Data Types in Statistics for Data Science

Aashi Goyal 16 Apr, 2024

9 min read

Introduction

In Data Science, we aim to do different experiments with raw data and finds some good insights from the data. To drive any business on the right path, data is very important or we can say that “Data is the fuel”. It can at least provide some actionable insights that can help to:

Strategize current campaigns,
Easily organize the launch of new products, or
Try out different experiments.

This article was published as a part of the Data Science Blogathon

In all the above-mentioned things, the one common driving component is Numerical Data. We are entering into the digital era where we produce a lot of Data every day.

For Example, On a daily basis, a company like Flipkart produces more than 2-TB of data.

Due to so much importance of data in our life, it becomes very crucial to properly store and process this data without any error. While dealing with datasets, the data type or category of the data plays an important role to find the answer to the questions below:

Which preprocessing strategy would work for a particular set to get the right results, or
Which type of statistical analysis should be applied for the best results.

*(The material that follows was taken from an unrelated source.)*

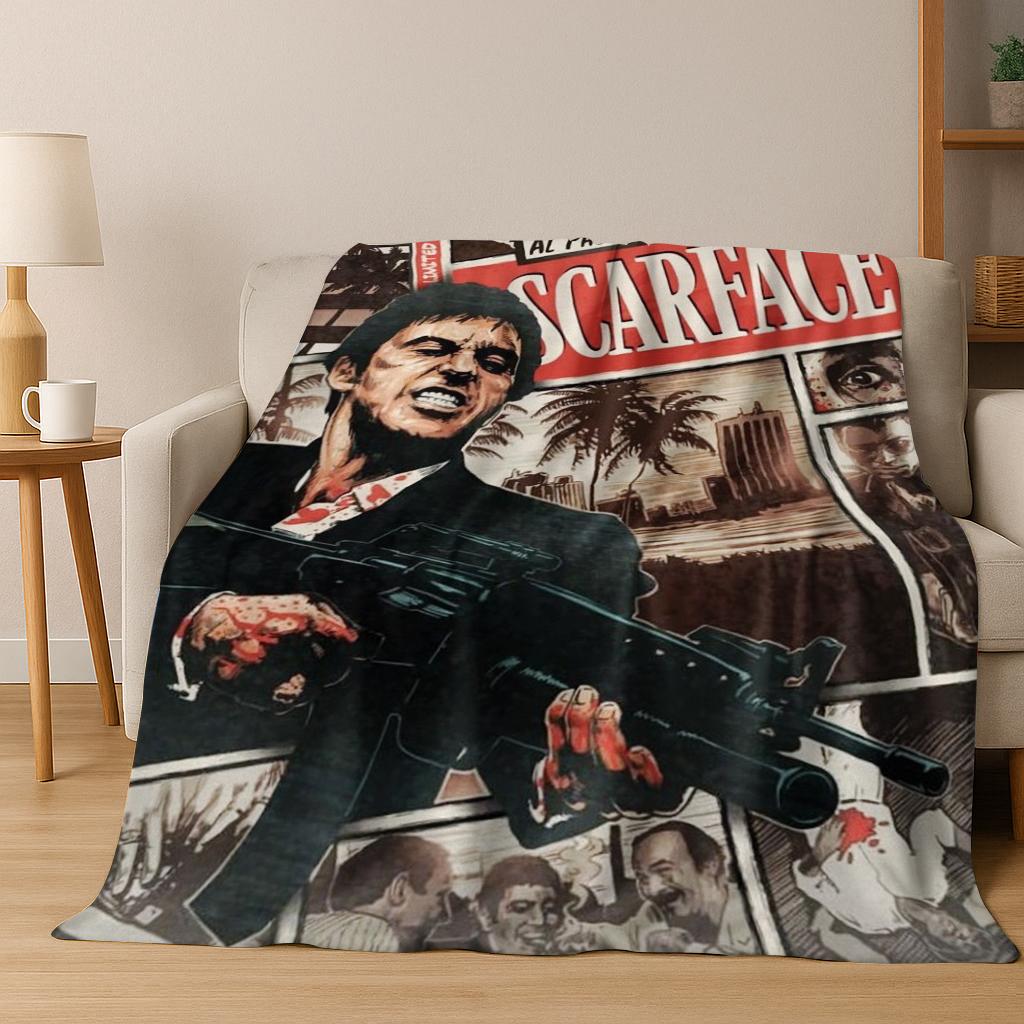 

Classic Scarface Tony Montana Movie Art Flannel Blanket,Cozy Soft Throw Blanket for Home Bedroom Bed Sofa Picnic Cover Gift 75x90cm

So, In this article, we will discuss the different data types in statistics you need to know to do proper Exploratory Data Analysis (EDA), which is one of the most important components in the pipeline of a Machine Learning Project.

Data Types and Scales of Measurements in Statistics | T/DG Blog - Digital Thoughts

Data Types in Statistics

In Statistics, Data Types play a very crucial and important role, which needs to be understood, to apply statistical measurements correctly to your data so that we can correctly conclude certain assumptions about the data.

Similarly, we need to know which data analysis and its type you are working on to select the correct perception technique since different data types are considered as an approach to arrange various types of variables.

While doing Exploratory Data Analysis (EDA) in a general data science project, it becomes crucial to have a good understanding of the different data types since we can use certain statistical measurements only for specific data types.

It is also known as the Measurement Scale.

While dealing with any of the data types, we also need to know which visualization method fits the particular data type.

We can think of data types as a way to categorize different types of variables.

Quantitative vs Qualitative Data

Quantitative Data

1. These types of data seem to be the easiest to explain. It tries to find the answers to questions such as

“how many,
“how much” and
“how often”

2. It can be expressed as a number, so it can be quantified. In simple words, it can be measured by numerical variables.

3. These are easily open for statistical manipulation and can be represented by a wide variety of statistical types of graphs and charts like line charts, bar graphs, scatter plots, etc.

Examples of quantitative data:

Scores of tests and exams e.g. 74, 67, 98, etc.
The weight of a person.
The temperature in a room.

There are 2 general types of quantitative data:

Discrete data
Continuous data

Qualitative Data

1. Qualitative data can’t be expressed as a number, so it can’t be measured. It mainly consists of words, pictures, and symbols, but not numbers.

2. It is also known as Categorical Data as the information can be sorted by category, not by number.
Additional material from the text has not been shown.